I've tried to do season previews before, and I've never quite gotten them decent enough to post. No more of that. This one is getting done. As it is, I'm already a week behind - this weekend offers 3:10 to Yuma and Shoot 'Em Up, two of the higher films on my must-see list for the fall.

3:10 to Yuma
Yuma looks like someone is dumping money into a quality western, working with people who want to make a quality western and tell a good story. The trailers have been solid from the beginning, and Christian Bale is one of those guys who will get me into just about anything. I'm more hit or miss with Russell Crowe - he gets points in this one because I very much liked the last western he did (Sam Raimi's The Quick and the Dead).

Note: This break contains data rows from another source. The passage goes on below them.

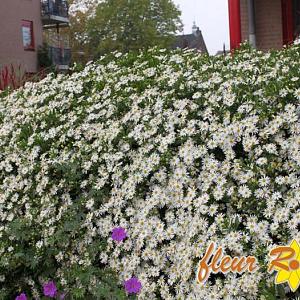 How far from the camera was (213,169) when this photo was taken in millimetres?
3055

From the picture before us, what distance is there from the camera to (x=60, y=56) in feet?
99.8

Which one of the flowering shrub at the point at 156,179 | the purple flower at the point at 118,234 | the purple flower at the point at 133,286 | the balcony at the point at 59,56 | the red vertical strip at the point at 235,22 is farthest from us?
the balcony at the point at 59,56

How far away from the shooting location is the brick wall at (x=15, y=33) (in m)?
26.5

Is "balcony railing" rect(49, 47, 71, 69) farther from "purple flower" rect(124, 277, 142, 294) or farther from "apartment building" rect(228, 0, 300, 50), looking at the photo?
"purple flower" rect(124, 277, 142, 294)

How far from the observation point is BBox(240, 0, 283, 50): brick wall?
31.2ft

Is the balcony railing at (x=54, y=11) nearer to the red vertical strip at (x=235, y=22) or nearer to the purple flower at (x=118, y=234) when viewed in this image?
the red vertical strip at (x=235, y=22)

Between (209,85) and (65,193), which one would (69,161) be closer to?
(65,193)

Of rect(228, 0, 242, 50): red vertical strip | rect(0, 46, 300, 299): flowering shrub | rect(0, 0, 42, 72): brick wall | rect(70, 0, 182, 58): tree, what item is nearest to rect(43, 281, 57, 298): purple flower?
rect(0, 46, 300, 299): flowering shrub

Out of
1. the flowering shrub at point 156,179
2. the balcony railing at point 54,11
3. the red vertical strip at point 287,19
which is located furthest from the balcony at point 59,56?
the flowering shrub at point 156,179

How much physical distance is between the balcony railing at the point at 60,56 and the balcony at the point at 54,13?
178 centimetres

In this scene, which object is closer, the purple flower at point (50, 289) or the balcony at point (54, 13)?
the purple flower at point (50, 289)

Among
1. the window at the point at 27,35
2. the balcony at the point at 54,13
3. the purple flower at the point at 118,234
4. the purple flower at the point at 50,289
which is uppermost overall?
the balcony at the point at 54,13

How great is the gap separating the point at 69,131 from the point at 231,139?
120 centimetres

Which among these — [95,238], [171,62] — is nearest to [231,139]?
[95,238] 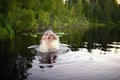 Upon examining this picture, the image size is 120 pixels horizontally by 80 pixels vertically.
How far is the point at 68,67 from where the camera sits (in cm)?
1884

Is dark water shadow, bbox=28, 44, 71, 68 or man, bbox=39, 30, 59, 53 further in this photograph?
man, bbox=39, 30, 59, 53

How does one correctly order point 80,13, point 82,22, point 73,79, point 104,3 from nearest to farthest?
point 73,79
point 82,22
point 80,13
point 104,3

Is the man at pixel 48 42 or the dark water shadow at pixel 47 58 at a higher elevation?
the man at pixel 48 42

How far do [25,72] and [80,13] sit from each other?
113797 millimetres

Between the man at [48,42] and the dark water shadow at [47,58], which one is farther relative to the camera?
the man at [48,42]

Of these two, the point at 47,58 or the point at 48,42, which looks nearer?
the point at 47,58

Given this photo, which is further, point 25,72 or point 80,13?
point 80,13

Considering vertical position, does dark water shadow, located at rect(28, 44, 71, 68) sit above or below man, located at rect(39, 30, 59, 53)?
below

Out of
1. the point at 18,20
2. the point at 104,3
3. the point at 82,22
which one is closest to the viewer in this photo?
the point at 18,20

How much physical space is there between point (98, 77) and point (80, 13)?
115m

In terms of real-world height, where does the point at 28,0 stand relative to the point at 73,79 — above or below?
above

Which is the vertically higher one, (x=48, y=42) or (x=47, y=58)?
(x=48, y=42)

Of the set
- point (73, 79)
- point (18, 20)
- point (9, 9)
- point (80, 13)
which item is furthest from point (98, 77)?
point (80, 13)

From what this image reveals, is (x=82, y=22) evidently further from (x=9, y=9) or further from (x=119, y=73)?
(x=119, y=73) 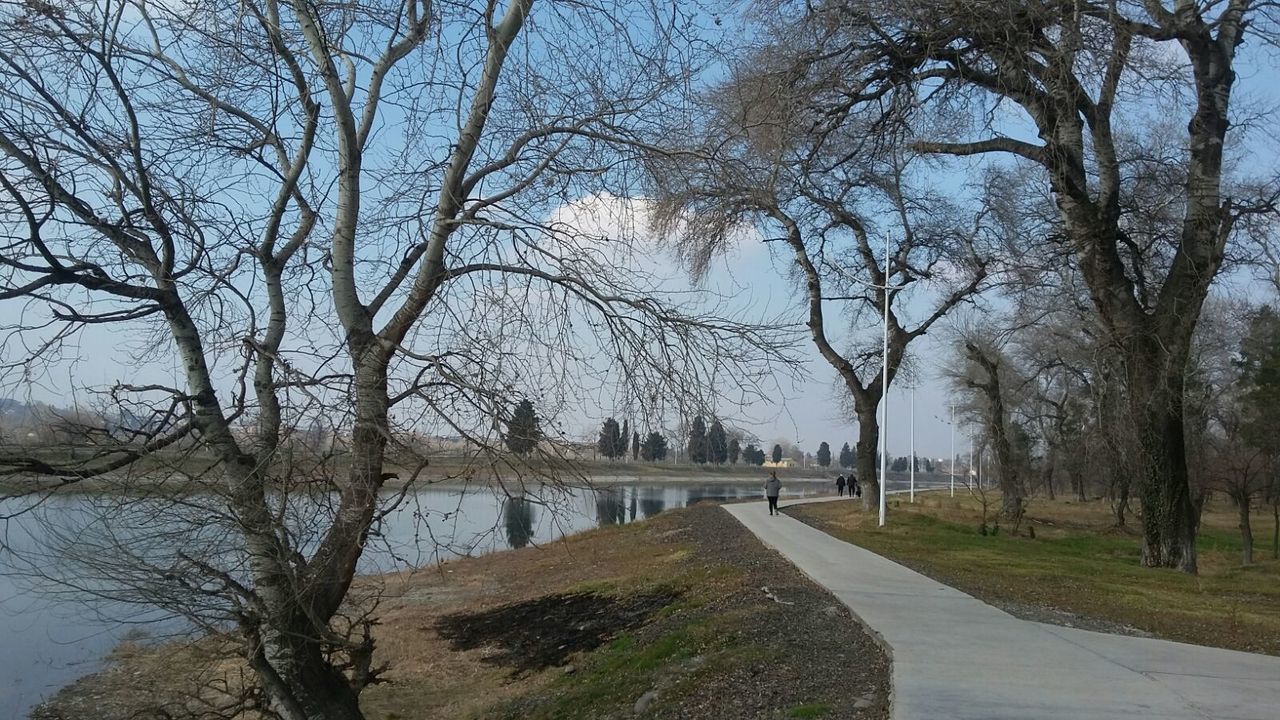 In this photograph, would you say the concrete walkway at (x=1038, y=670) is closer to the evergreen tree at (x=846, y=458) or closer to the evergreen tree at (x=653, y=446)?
the evergreen tree at (x=653, y=446)

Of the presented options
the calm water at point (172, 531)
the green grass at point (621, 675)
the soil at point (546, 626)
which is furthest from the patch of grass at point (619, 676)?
the calm water at point (172, 531)

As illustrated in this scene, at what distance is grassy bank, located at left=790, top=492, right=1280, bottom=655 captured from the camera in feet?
34.6

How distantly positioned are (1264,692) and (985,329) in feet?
95.3

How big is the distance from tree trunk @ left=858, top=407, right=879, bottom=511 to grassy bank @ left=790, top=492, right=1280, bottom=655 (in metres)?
1.35

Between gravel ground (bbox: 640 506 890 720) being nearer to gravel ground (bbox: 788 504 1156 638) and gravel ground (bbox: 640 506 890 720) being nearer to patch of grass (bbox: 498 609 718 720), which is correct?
patch of grass (bbox: 498 609 718 720)

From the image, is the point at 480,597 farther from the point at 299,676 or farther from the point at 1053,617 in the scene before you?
the point at 299,676

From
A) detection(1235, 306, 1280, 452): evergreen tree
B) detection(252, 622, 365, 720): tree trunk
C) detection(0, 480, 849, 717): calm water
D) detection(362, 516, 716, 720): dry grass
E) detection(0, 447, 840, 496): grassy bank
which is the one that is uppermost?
detection(1235, 306, 1280, 452): evergreen tree

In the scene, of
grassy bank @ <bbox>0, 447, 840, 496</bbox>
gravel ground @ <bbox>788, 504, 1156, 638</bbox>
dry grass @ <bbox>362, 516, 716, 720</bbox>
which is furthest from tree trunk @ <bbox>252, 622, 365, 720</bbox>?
gravel ground @ <bbox>788, 504, 1156, 638</bbox>

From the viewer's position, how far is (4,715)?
13000 mm

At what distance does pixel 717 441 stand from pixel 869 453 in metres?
23.9

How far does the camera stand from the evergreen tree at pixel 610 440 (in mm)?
5868

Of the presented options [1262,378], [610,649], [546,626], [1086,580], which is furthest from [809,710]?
[1262,378]

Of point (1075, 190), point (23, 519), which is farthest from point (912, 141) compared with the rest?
point (23, 519)

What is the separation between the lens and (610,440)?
5902mm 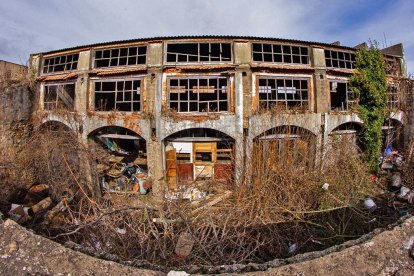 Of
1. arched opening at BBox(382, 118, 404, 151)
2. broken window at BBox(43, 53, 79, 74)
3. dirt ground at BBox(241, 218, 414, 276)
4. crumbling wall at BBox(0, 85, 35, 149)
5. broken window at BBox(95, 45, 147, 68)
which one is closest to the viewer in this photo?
dirt ground at BBox(241, 218, 414, 276)

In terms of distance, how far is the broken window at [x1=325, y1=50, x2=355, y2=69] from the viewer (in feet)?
44.1

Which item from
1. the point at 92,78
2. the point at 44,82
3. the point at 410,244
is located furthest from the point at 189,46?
the point at 410,244

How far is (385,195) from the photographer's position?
31.9ft

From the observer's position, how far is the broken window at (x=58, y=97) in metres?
14.0

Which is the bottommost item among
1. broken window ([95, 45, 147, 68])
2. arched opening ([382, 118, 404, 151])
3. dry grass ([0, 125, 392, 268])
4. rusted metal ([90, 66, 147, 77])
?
dry grass ([0, 125, 392, 268])

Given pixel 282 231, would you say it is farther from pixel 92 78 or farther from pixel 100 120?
pixel 92 78

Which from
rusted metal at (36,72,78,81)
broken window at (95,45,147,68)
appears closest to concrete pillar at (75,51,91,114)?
Result: rusted metal at (36,72,78,81)

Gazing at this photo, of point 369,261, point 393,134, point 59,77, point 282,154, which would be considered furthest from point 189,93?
point 393,134

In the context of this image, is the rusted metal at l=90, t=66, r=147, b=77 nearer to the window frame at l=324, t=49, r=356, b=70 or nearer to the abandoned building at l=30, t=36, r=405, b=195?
the abandoned building at l=30, t=36, r=405, b=195

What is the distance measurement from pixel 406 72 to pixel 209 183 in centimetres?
1522

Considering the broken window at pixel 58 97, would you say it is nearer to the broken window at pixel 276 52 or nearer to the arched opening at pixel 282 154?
the broken window at pixel 276 52

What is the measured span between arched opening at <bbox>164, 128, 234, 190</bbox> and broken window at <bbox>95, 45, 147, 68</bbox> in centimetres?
458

I still haven't managed to get Walk the Line into my DVD player, but I hear nothing but good things, so director James Mangold behind the wheel on this one is tentatively ok by me. The way I see it, westerns are one of the most fun genres to watch, because you're playing in a world where there are inherently no rules. In every other genre, there are societal rules, and your film stands out primarily by how you break those rules in order to present an original story or idea. To me, a good western feels like something that started with a blank canvas. Just like everything else, the genre fell prey to idea sniping, piggybacking and copycats, but Yuma looks like something I haven't seen in awhile. Yes, I understand the hypocrisy in hoping for fresh ideas and originality from a remake, but that's the vibe I'm getting off of this one. I think I'm going to preface that cinema trip with The Proposition, an Aussie western from 2005 that I've heard great things about. It's sitting on my coffee table via Netflix right now.

Shoot 'Em Up
Changing gears more or less completely, Shoot 'Em Up looks stupid. Real stupid. But stupid in the best possible way. I can appreciate when a film completely identifies the audience it is gunning for, and makes no concessions for other groups. This one is clearly going after the action video game crowd, and what it looks like they've come up with is a no-strings-attached actioner: competent star that I can easily believe as a badass, a beautiful girl, a truly evil, scene-chewing villain, and a shoestring plot that puts them in the same room with guns in their hands. As far as I'm concerned, this is the stuff that Clive Owen was built to do. The guy's not the most charming or convincing guy out there (I need something else at the level of Children of Men in order to be convinced otherwise), but tell him he needs to be the uncompromising badass, and you'll get exactly what you need. I've never been a huge Paul Giamatti fan - there are more downs than ups in my mind when it comes to him - but his over-the-top crazy guy looks to fit perfectly here. And I'm all for Monica Bellucci in roles where she's just supposed to be sexy. In an interview I skimmed at one point with writer-director Michael Davis, he started describing one of his sequences (the helicopter thing, I think), and the interviewer stopped him and asked if maybe it wasn't a bit over the top. Davis absolutely agreed that it was, but said he did it because "he'd want to watch it." Directors approaching movies as fans can be a very dangerous thing - I'm pretty sure that's how we got Michael Bay - but in the right hands, this can come off beautifully. Edgar Wright and Simon Pegg are, I think, the perfect example of that. So long as Shoot 'Em Up commits to its concept without taking itself remotely seriously, we should be good. Everything I've seen indicates that none of this should be a problem.